5. We reject Brown’s argument that the special referee erred in assigning too much weight to net asset value.  Although Brown’s experts testified that physical assets were generally never used to determine the value of a temporary services company, Joyner stated the income approach, even for a business that had enjoyed substantial income, was unreliable if, as was the case here, a principal of the company could leave at any time and take a substantial portion of the customer base. 
GOOLSBY and ANDERSON, JJ., and CURETON, A.J., concur.
 The parties believed Phillips, a single mother, would be a more sympathetic defendant in the event of a lawsuit.
 Based on this arrangement, both parties were later indicted for insurance fraud and spent some time in prison.
 The parties agreed Brown’s interest was fifty per cent of this amount and Phillips would pay him for his shares.
 The special referee found December 31, 1995, was the critical date because 1995 was the last year Brown was actively involved with PSI. Neither party appeals this finding.
 See McDuffie v. O’Neal, 324 S.C. 297, 305-06, 476 S.E.2d 702, 706 (Ct. App. 1996) (recognizing the negative impact of the absence of a covenant not to compete on the value of a corporation and imposing such a covenant rather than changing the value).
 See 88 C.J.S. Trial § 208 at 415 (1955) (“In weighing evidence the law makes no distinction between expert testimony and evidence of any other character, and it is for the trier of the facts to determine the weight to be given to any evidence.”), quoted in Smith v. Smith, 294 S.C. 194, 200, 363 S.E.2d 404, 408 (Ct. App. 1987).
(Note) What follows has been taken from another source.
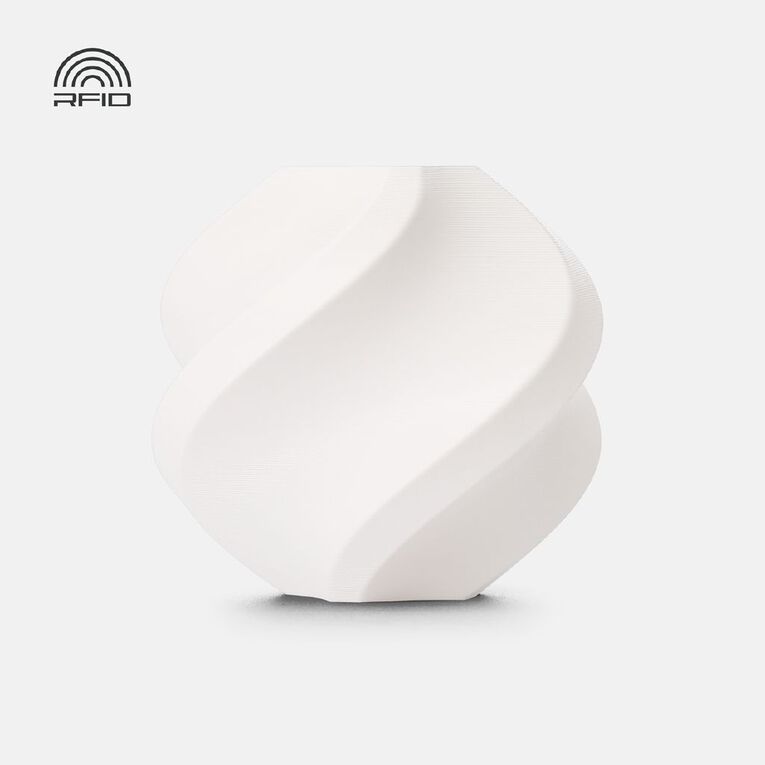 Bambu Lab PETG HF-White With Spool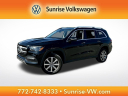 Thumbnail image of 2023 Mercedes-Benz GLS at Sunrise Volkswagen of Fort Pierce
 922 F. Supp. 1093 (D.S.C. 1995).
 This section provides in pertinent part as follows:
(d) In any action filed by a shareholder to dissolve the corporation . . . the court may make such order or grant such relief, other than dissolution, as in its discretion is appropriate, including, without limitation, an order:
. . . .
(4) providing for the purchase at their fair value of shares of any shareholder, either by the corporation or by other shareholders.
S.C. Code Ann. § 33-14-310(d)(4) (1990).
 Morrow, 922 F. Supp. at 1105 (emphasis added).
 See Belk of Spartanburg v. Thompson, 337 S.C. 109, 124, 522 S.E.2d 357, 365 (Ct. App. 1999) (“Appraisal is not an exact science, and the precise weight to be given to any factor is necessarily a matter of judgment for the court in the light of circumstances in each case.”) (citing Santee Oil Co. v. Cox, 265 S.C. 270, 277, 217 S.E.2d. 789, 793 (1975)).
 See Noisette v. Ismail, 304 S.C. 56, 58, 403 S.E.2d 122, 124 (1991) (holding that, when the trial court does not explicitly rule on a question and the appellant fails to make a motion under Rule 59(e), SCRCP, to amend or alter the judgment on that ground, the issue is not properly before the court of appeals and should not be addressed).
 Although the special referee “accepted, for the most part, the valuation analysis undertaken by Joyner,” he “adjusted . . . the relative weights given by Joyner using the income and asset approaches,” assigning a weight of fifty per cent to each, as opposed to Joyner’s decision to assign ten per cent to income and ninety per cent to the assets of PSI.
 See Santee Oil Co. v. Cox , 265 S.C. 270, 273, 217 S.E.2d. 789, 791 (1975) (noting “‘fair value’ does not restrict the appraising court to the use of any one method of valuation”).